Recently I planned to spend the evening dining out at local fave Dolce Vita to celebrate a friend’s birthday. But then, in a rash decision inspired by both the economy (dining out is so expensive) and the desire for a relaxed, festive celebration I found myself hostess for a dinner party for nine. The only challenge: dinner was to commence in less than six hours!
Thank God for good friends, especially those with incredible talents! L came to the rescue with an offer to “whip up” what turned out to be a fantastic mushroom lasagna, guests brought perfect breads from the bakery and a variety of wines, especially Italian, to complement the meal. The only thing still needed was a couple of side dishes to round out the evening. And, of course, L’s neighborhood famous cupcakes. (Simple but perfect chocolate with buttercream icing on this chilly Friday evening.)

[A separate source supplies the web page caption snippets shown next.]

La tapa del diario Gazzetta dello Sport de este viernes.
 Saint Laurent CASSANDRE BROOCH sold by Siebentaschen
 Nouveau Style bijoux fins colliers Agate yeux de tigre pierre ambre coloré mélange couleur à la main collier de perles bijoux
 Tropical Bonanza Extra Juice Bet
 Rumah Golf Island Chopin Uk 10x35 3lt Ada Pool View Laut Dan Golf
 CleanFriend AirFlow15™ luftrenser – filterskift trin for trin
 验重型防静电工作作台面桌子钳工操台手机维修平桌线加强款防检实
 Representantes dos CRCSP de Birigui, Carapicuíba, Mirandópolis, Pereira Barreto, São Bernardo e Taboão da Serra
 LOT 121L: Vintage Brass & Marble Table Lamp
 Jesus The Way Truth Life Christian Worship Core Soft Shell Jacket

As our impromptu dinner party was centered around a traditional Italian dish, a green salad seemed like a natural choice, as did a starter comprised of a variety of Italian cheeses selected with help from the incredibly knowledgeable cheese guru at Central Market. (Pecorino Toscano, Caciotta di Capra and Asiago Fresco Pressato Monti Trentini – particularly delicious with a little creamy pesto on a cracker).
But we needed something else. Something easy. (Did I mention that I had to get the house ready, table set, flowers arranged, bar set up, etc. in less than six hours? And I was still at the office.) Something healthy. Something warm, delicious and a little surprising.
Then it hit me: gingered baby carrots! We found this wonderful recipe on the Williams-Sonoma website a couple of years ago and love it. And we’d only served it once to guests, namely my parents who were not to join us for the Italian birthday potluck.
This simple dish is a wonderful complement to either a meat or vegetarian entree and is packed with nutritional essentials including vitamins C and E, Thiamin and Potassium. Even more, carrots are a very good source of dietary fiber, vitamins A, K and B6 and Manganese. Good and good for you.
Gingered Baby Carrots
We always buy bunches of small, organic carrots available at Central Market for this dish. But if you can’t find the little ones, peel full sized carrots down to no more than a half inch diameter (at the top, near the greens). A fragrant honey mixes beautifully with the crystalized ginger and mint that make this dish such a delicious smash!
2 Tbs. unsalted butter
1 Tbs. honey
1 Tbs. finely chopped crystallized ginger
1 lb. small, thin carrots, peeled
Kosher salt and freshly ground pepper, to taste
2 Tbs. chopped fresh mint
2 tsp. fresh lemon juice
1 bunch fresh mint
Preheat an oven to 400°F.
Remove greens from carrots and peel.
Put the butter in a roasting pan just large enough to hold the carrots in a single layer and place in the preheating oven. Watch carefully to prevent burning. When the butter has melted, remove the pan from the oven and stir in the honey and crystallized ginger. Add the carrots and stir to coat them evenly. Season with salt and pepper and sprinkle with 1 1/2 Tbs. of the chopped mint. Stir again, then spread the carrots out in a single layer.
Roast the carrots, stirring 2 or 3 times, until golden, glazed and tender when pierced with a fork, 35 to 45 minutes, sometimes longer depending upon the diameter of the carrot.
Remove the pan from the oven and season the carrots with salt and pepper. Sprinkle evenly with the remaining 1 1/2 tsp. mint and the lemon juice and toss to coat. Make a bed of the mint sprigs on a platter and top with the carrots. Serve immediately. Serves 4.